In a case filed by NGO Repubblika, calling for an inquiry on the controversial Vitals Global Healthcare hospitals concession deal, the three ministers made reference to the Egrant Inquiry report, a report that is yet to be made public.

"When Magistrate Claire Stafrace Zammit questioned how the ministers were quoting from the report, the ministers were completely evasive and since they have the right to remain silent and they invoked it, the magistrate couldn't force them to answer. This is what we have become: having ministers invoking their right to remain silent as criminals do," Azzopardi said.

Joseph Muscat's European aspirations

Azzopardi concluded by targeting the Prime Minister, saying that Muscat had had a serious shot at occupying a high office within the European Union, possibly replacing European Council President Donald Tusk, but was ultimately not considered by the EU a week ago since he was considered "toxic."

"He could have avoided this situation had he taken steps against Konrad Mizzi and Keith Schembri but because he protected them he allowed the Bank of Valletta, the Financial Intelligence Analysis Unit, the Malta Financial Services Association to become victims of their impunity," Azzopardi said.

He added that the Prime Minister of the smallest European member state had a "golden opportunity" to occupy a high office but lost this golden ticket because he abstained from removing those people who were compromising that very same golden opportunity for Malta.

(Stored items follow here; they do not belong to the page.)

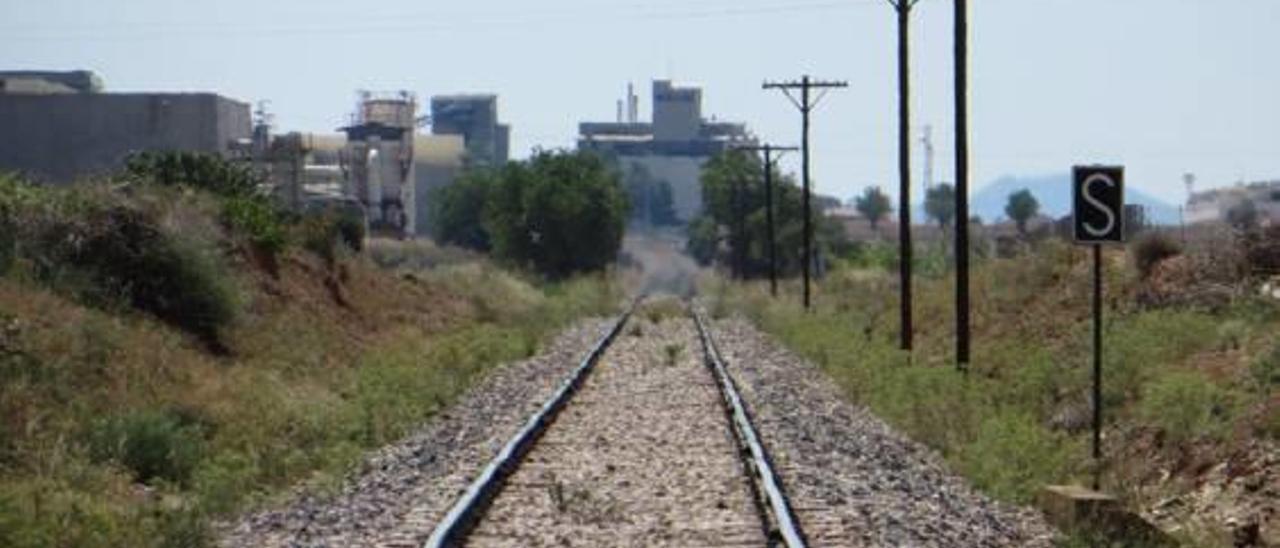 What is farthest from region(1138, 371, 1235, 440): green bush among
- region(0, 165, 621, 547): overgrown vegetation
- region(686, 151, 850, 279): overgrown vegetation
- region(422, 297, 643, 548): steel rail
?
region(686, 151, 850, 279): overgrown vegetation

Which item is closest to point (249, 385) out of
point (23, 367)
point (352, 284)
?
point (23, 367)

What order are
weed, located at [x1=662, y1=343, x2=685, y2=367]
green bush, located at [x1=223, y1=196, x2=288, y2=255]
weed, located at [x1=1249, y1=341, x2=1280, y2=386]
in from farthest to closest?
green bush, located at [x1=223, y1=196, x2=288, y2=255]
weed, located at [x1=662, y1=343, x2=685, y2=367]
weed, located at [x1=1249, y1=341, x2=1280, y2=386]

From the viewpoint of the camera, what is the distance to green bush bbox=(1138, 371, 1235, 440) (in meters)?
21.9

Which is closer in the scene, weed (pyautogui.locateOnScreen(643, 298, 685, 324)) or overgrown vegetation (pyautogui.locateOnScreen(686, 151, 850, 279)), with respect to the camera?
weed (pyautogui.locateOnScreen(643, 298, 685, 324))

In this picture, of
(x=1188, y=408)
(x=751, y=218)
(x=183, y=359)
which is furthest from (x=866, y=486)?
(x=751, y=218)

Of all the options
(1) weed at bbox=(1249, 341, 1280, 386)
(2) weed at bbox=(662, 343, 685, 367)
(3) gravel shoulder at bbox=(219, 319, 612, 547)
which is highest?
(1) weed at bbox=(1249, 341, 1280, 386)

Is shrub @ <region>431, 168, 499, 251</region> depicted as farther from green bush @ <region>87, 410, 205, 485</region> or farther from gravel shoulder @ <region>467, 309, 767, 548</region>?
green bush @ <region>87, 410, 205, 485</region>

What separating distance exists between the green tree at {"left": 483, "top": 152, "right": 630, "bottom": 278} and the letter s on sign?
84.7m

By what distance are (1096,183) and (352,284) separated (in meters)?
36.8

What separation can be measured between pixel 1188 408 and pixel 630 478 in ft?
19.9

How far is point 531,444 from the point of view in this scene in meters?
23.9

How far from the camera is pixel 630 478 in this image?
67.0 ft

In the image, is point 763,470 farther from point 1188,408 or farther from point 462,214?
point 462,214

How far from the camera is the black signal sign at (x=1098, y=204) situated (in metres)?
20.2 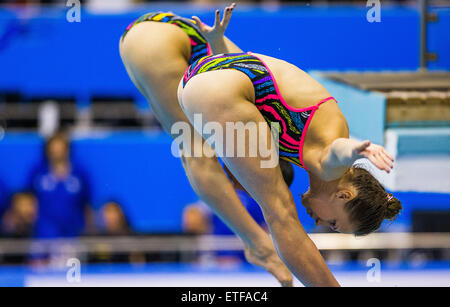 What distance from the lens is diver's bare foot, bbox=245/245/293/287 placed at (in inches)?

"The question we need to ask is this: what is that serious and important for Muscat that made him lose such an opportunity that he himself wanted so desperately? What do the criminals around him know about him?" Azzopardi asked, adding that following the Standards Commissioner, George Hyzler's report, it was clear that Muscat had "bought the loyalty" of his MPs by allowing them to have government jobs, ostensibly engendering several cases of conflict of interest.